If you decide to pull it,
Be careful you don’t faint —
Few will ever mention what it ’tis or what it ’taint.

The room erupted with the sound of 150 pairs of faux fur mittens clapping joyously.

As Reginald looked around, it felt as if he were trapped inside one of Peenwhistle’s books.

Peenwhistle picked up Fuzzy Boinkington’s Big Surprise and the room went positively bananas.
The animals in attendance howled, hooted, and cawed with wild and woolly recognition.

Shortly after Peenwhistle began, the plushies slowly started to caress one another.
The room began to trill and purr with growing enthusiasm.

Reginald stood in the midst of it all, deeply disquieted.

He stepped outside the room and started to scream:

“THEY’RE BUFFING THEIR SNIZZLEPUMPS! THEY’RE BUFFING THEIR SNIZZLEPUMPS!”

The manager on duty tried to calm Reginald, but he continued to shout:

“I WON’T CALM DOWN! I’M NOT THE PERVERT HERE! CAN’T YOU SEE IT?”

“Please calm down, sir, or I will have to call the police.”

“YES, CALL THE POLICE AND TELL THEM THEY’RE… THEY’RE… SHROOMING AND KLOOING THEIR… CREVAKASES AND… PLUNKING THEIR TOPOFERANCES! AND FOR ALL I KNOW, GILING AND GIMBLING IN THE WABE!”

A man placed his hand on Bombast’s shoulder.

“If you can’t quiet down, you have to go.”

“Fine,” said Bombast. “I’m leaving.”

Bombast wiped his forehead with the back of his sleeve, feeling suddenly and entirely spent.
He didn’t know where he was going.
He just started walking.

At the corner, a sidewalk display caught his eye — a row of glossy new books stacked neatly in the sunlight.
He moved closer without thinking.

“The Lackluster Canard of the Laconic Sycophant,” he said, picking up a copy.
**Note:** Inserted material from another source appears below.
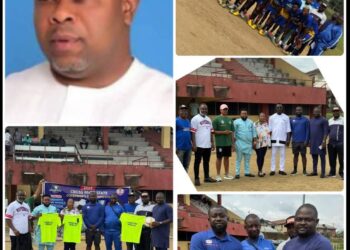 Governor’s Cup 2025: Engr. Emmanuel Eneji Nkpeh Donates Full Sports Kits to Bekwarra United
He thumbed through the book; it was his.
For a moment, he wondered if he was having another bad dream.

“If you want that book, you’ll have to pay for it,” said the vendor.
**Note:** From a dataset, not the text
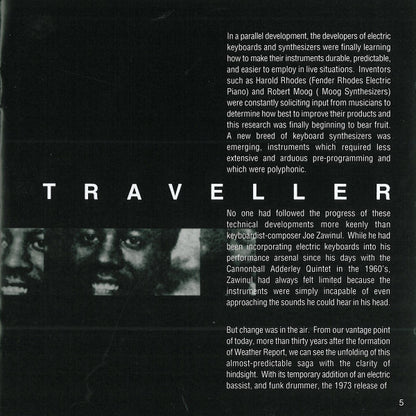 Weather Report : Mysterious Traveller (CD, Album, RE, RM, DSD)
Bombast smiled, almost sadly.
“I was going to say the same thing,” he said, before carefully putting the book back.

“It’s a top seller,” said the clerk.

Bombast lifted the book once more and turned it to the spine, which said:
by Llewellyn Puttupon.

He smiled again, almost a real smile this time.
“I always knew it would be,” said Reginald, walking out.